_Data_
▬▬▬▬▬▬▬▬▬▬

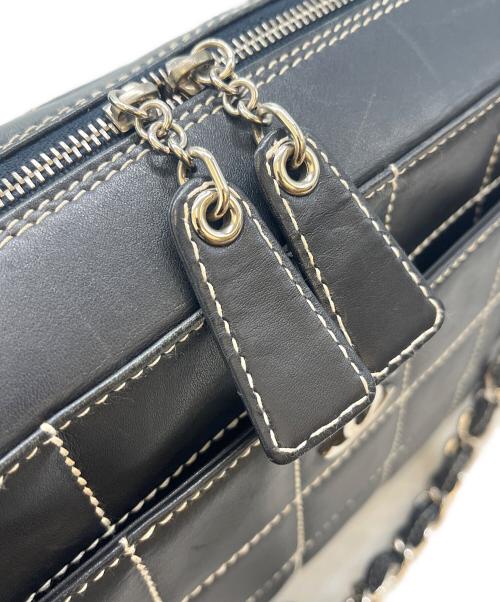 CHANEL（シャネル）CHANEL (シャネル) CHANEL　チェーンショルダーバッグ ブラックの古着・服飾アイテム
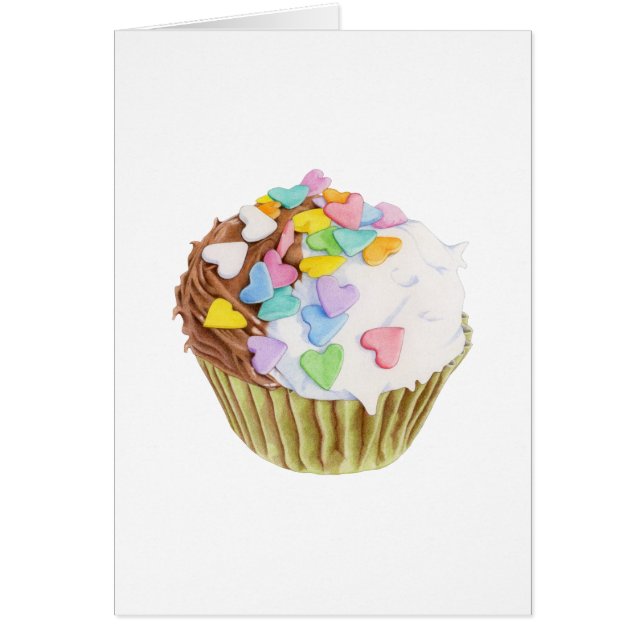 Carte Coeur Cupcake (Devant)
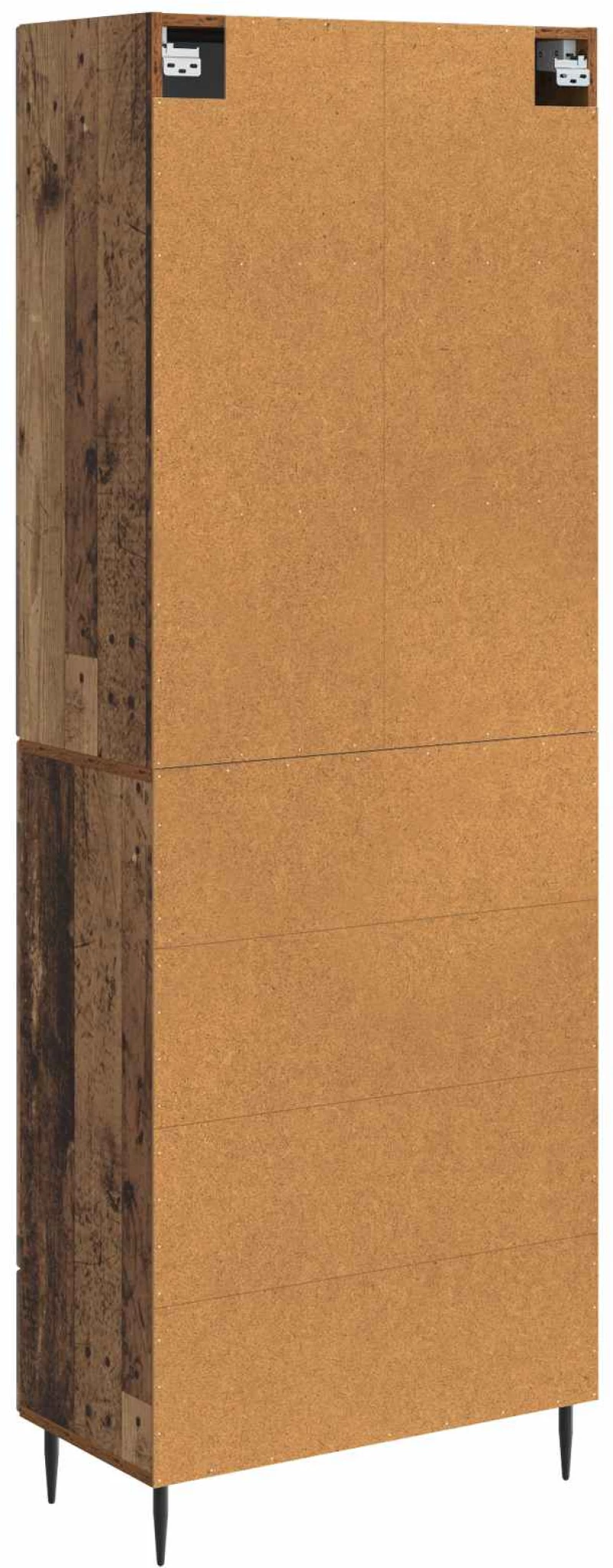 vidaXL Σέτ Ντουλαπιών 2 pcs Παλαιωμένο ξύλο 66 x 34,5 x 89,5 εκ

▬▬▬▬▬▬▬▬▬▬

_Exercise_
Apart from the images, reproduce the listing exactly as it appears.

_Answer to this task_
 CHANEL（シャネル）CHANEL (シャネル) CHANEL　チェーンショルダーバッグ ブラックの古着・服飾アイテム
 Carte Coeur Cupcake (Devant)
 vidaXL Σέτ Ντουλαπιών 2 pcs Παλαιωμένο ξύλο 66 x 34,5 x 89,5 εκ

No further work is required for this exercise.